Canada’s Oil production hits 4.59 MMbpd, 22,000 amidst pipeline bottlenecks
Bloomberg – Canada’s lingering crude glut isn’t hindering the country’s growing oil output, according to the National Energy Board’s most recent forecast.
The country’s oil production will average 4.59 MMbpd, 22,000 more than previously forecast, data from the Canadian energy regulator show. The raised production outlook comes even as pipeline bottlenecks have driven Canadian crude prices to record lows and prompted some producers, including Canadian Natural Resources and Athabasca Oil, to reduce output by about 160,000 bpd, according to estimates by TD Securities.
The biggest driver of higher output is heavy oil-sands crude, which is forecast to have exceeded 2 MMbpd in October to average 1.88 MMbpd for the year. That’s 42,000 bpd more than the previously forecast. Output of conventional light and heavy oil also exceeded the earlier forecasts.

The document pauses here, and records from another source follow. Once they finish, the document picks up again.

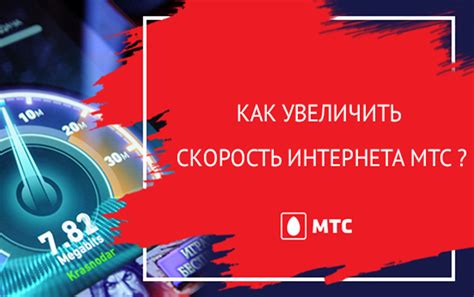 Способы увеличить скорость интернета от МТС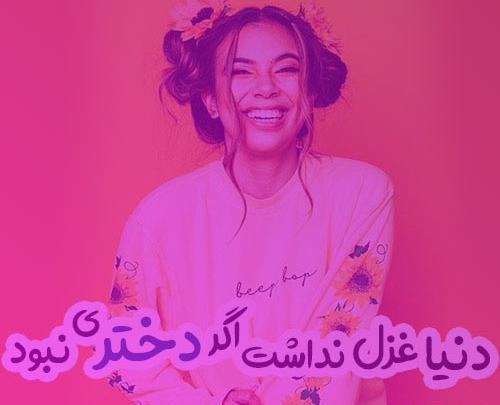عکس پروفایل دخترونه شاخ خفن بنفش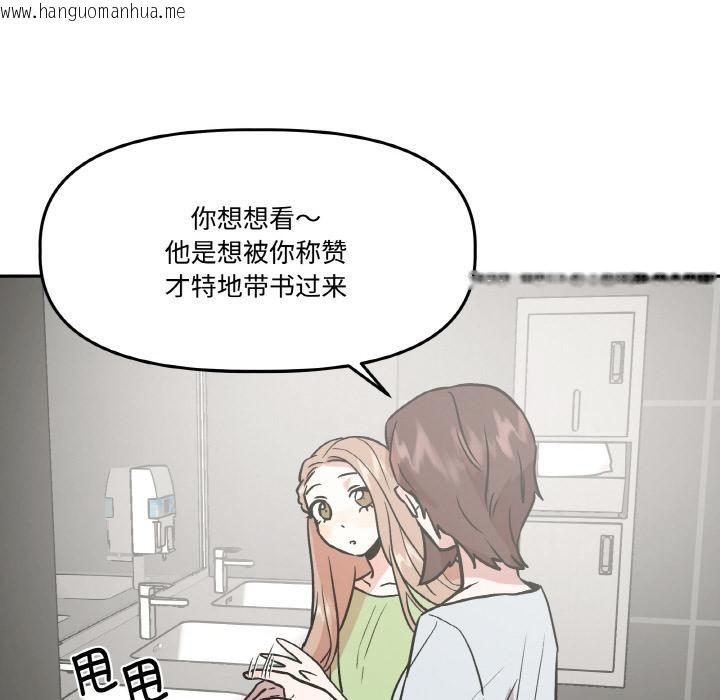 韩国漫画附属品少女的叛逆期韩漫_附属品少女的叛逆期-第14话在线免费阅读-韩国漫画-第31张图片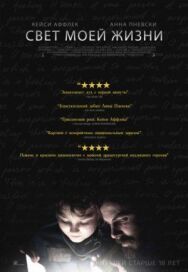 Свет моей жизни постер к фильму смотреть онлайн на HD Rezka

The increase might reflect the faster-than-expected ramp-up of Suncor Energy’s Fort Hills oil sands mine, according to Stephen Kallir, upstream research analyst at Wood Mackenzie in Calgary.
The 194,000 bpd Fort Hills mine started operation earlier this year and will run at 90% of capacity through the fourth quarter, Suncor CEO Steve Williams said on a Nov. 1 conference call.

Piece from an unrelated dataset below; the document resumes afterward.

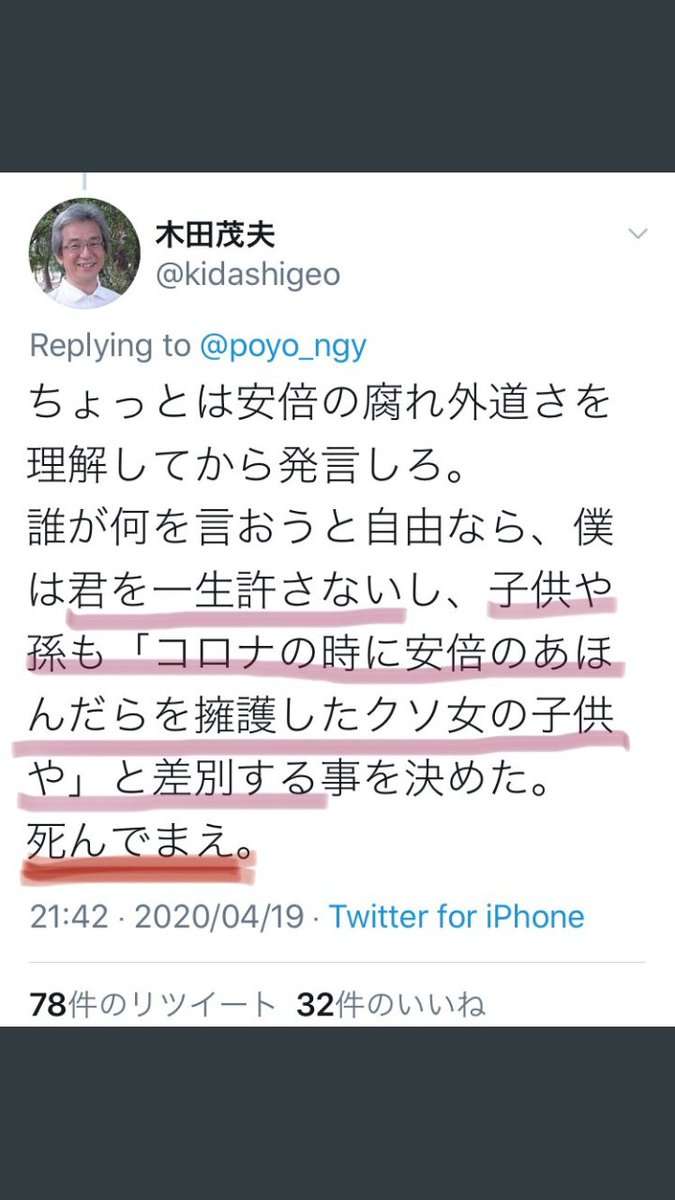 ユーミン(松任谷由実)批判の白井聡氏が謝罪ツイート「自身の発言の不適切さに思い至りました」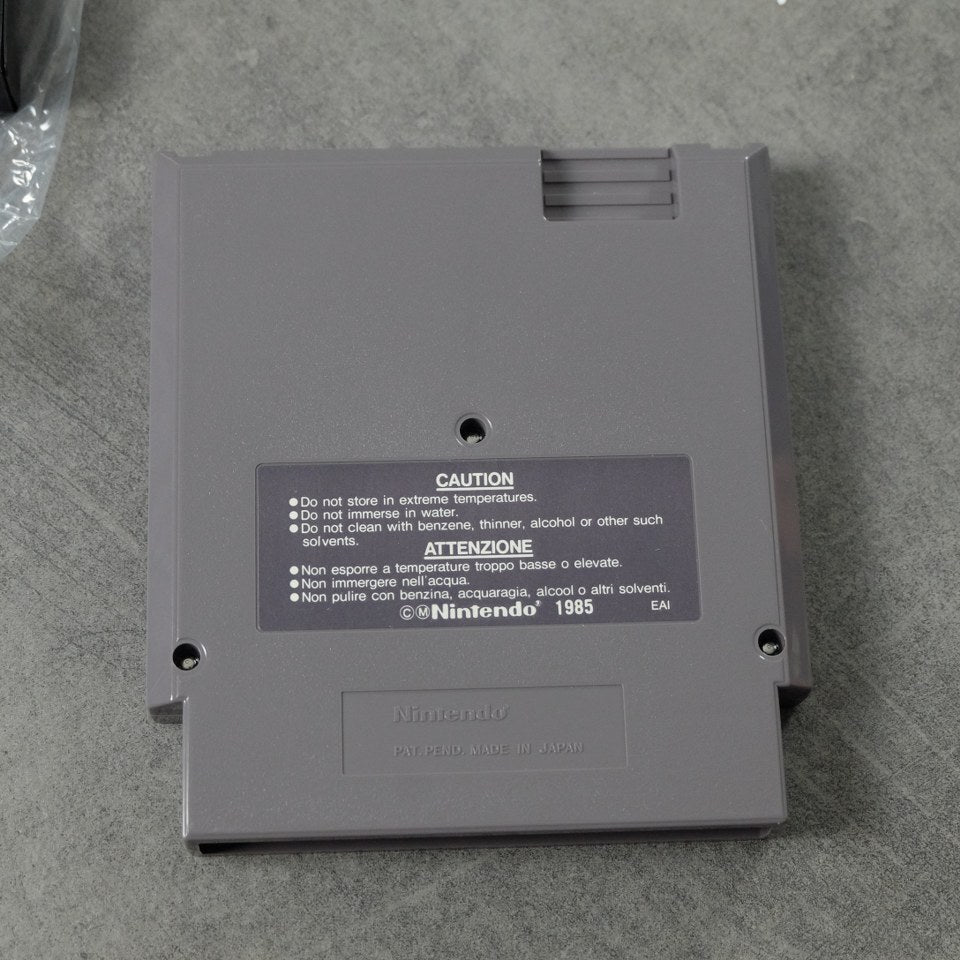 Trojan Nintendo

“They are producing above 90% capacity as of end of the third quarter,” he said by phone. “We expected that early next year.” To be sure, the NEB recent data shows production trailing off in December with output lower than forecast earlier.
Heavy Western Canadian Select crude fell below $14/bbl on Nov. 15, the lowest in Bloomberg data extending back a decade. The crude’s discount to West Texas Intermediate futures widened to $50/bbl in October, also a record in data extending back 10 years. The price fell $1.17 to $17.96/bbl on Tuesday and the discount widened $1 to $33.50/bbl.

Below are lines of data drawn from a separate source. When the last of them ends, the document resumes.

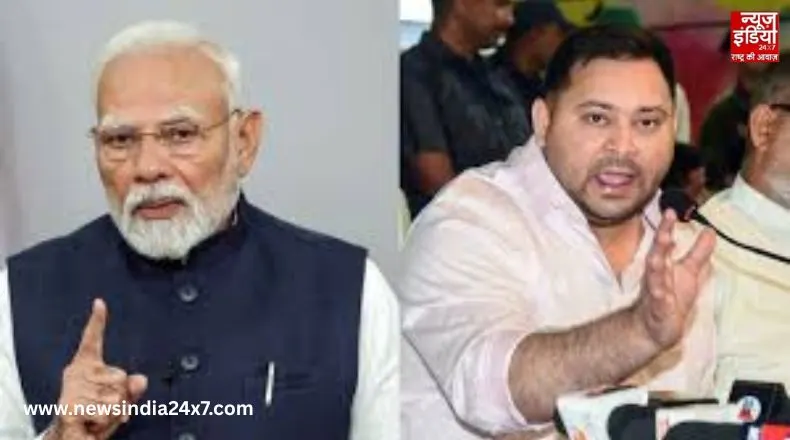 Bihar Elections:  पीएम मोदी के बयान पर तेजस्वी का पलटवार, बोले  बिहार अब सवाल पूछ रहा है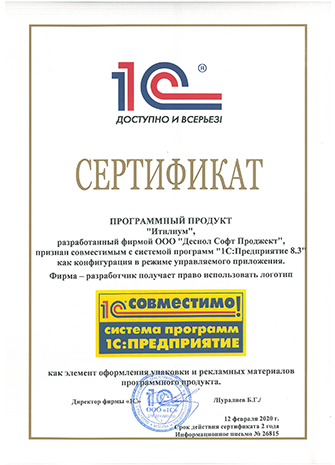 Сертификат №5 Итилиум Совместимо 2020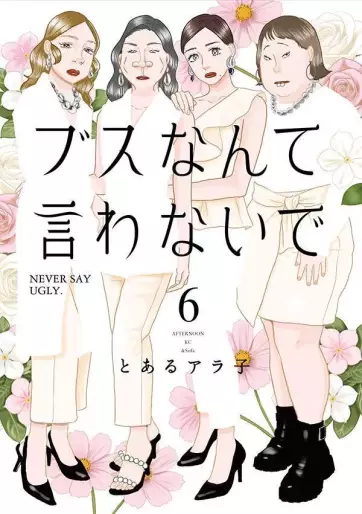 Manga - Manhwa - Busu Nante Iwanaide jp Vol.6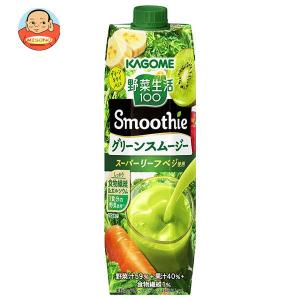 カゴメ 野菜生活100 Smoothie(スムージー) グリーンスムージー 1000g紙パック×6本入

The data did show signs of possible stress. Output of oil sands bitumen that’s processed in an upgrader to make light, synthetic crude plunged to 890,000 bpd in September from 1.13 MMbpd in August and will end the year below prior estimates. The drop happened as upgraders belonging to Syncrude Canada Ltd., Suncor and Canadian Natural Resources were undergoing maintenance. The NEB had projected in September that output of upgraded bitumen for the month would be 1.06 MMbpd.